◆ **Assigned task**: Please copy, exactly and with no pictures, only the lines from the one containing "Beautiful view of" through the last line of the records.

◆ **Entries shown**:
⁂

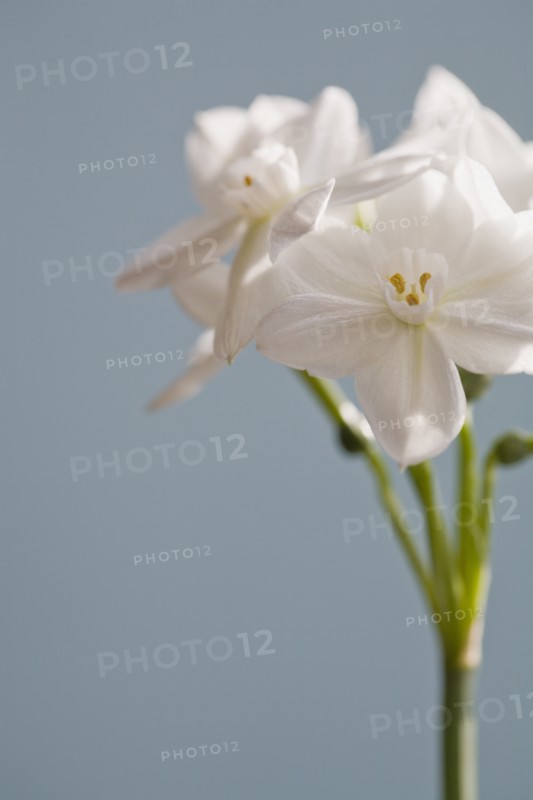 Close-up view of white flower. Photo : Kristin Lee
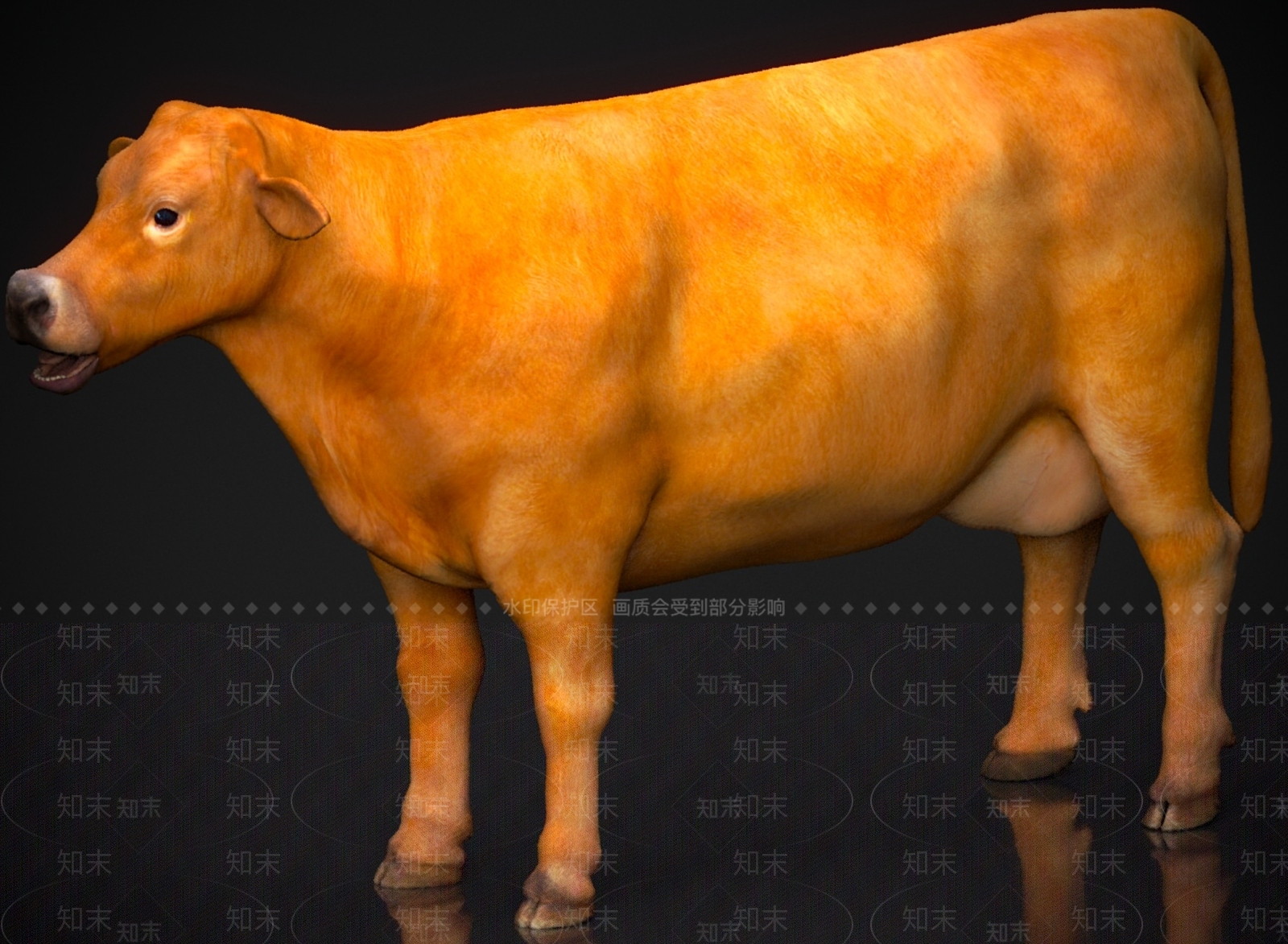 其他动物3D模型下载【ID:1179577095】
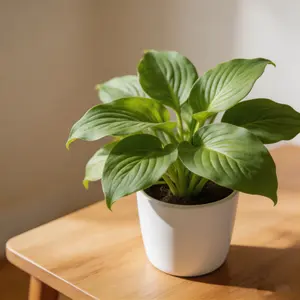 Hosta Seeds Perennial Shade Plant for Garden and Yard Non-GMO USA Made with Instructions for Easy Care and Versatile Growth summervibes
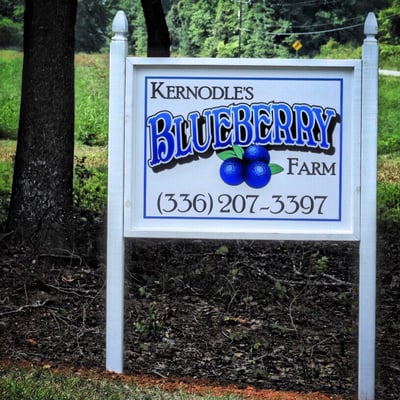 Kernodle's Blueberry Farm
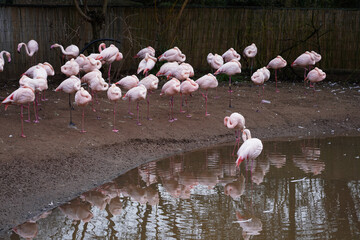 Beautiful view of flamingos  standing near the lake shore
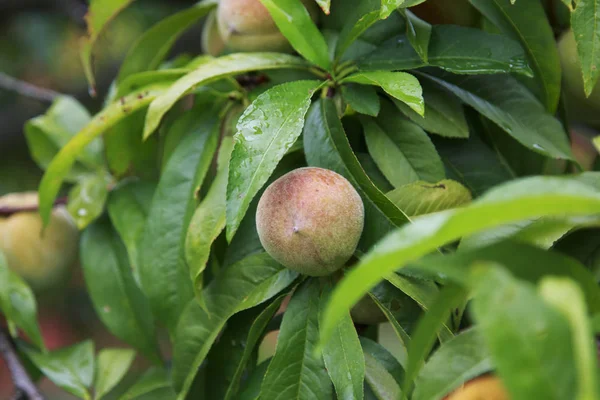 Bir ağaçta asılı Olgun şeftali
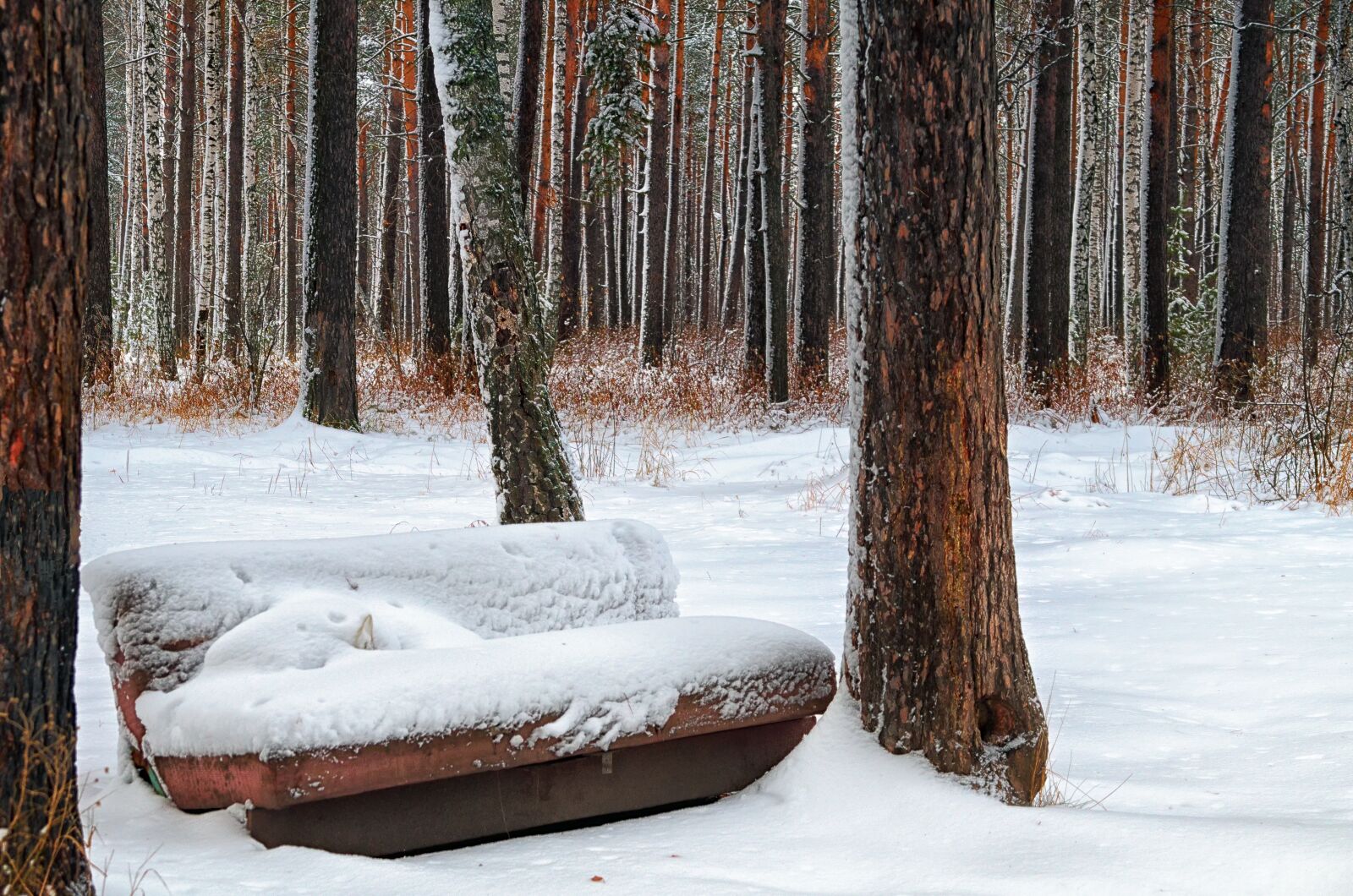 Pentax K-500 sample photo. Winter, sofa, forest photography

⁂

◆ **Response**:
 Beautiful view of flamingos  standing near the lake shore
 Bir ağaçta asılı Olgun şeftali
 Pentax K-500 sample photo. Winter, sofa, forest photography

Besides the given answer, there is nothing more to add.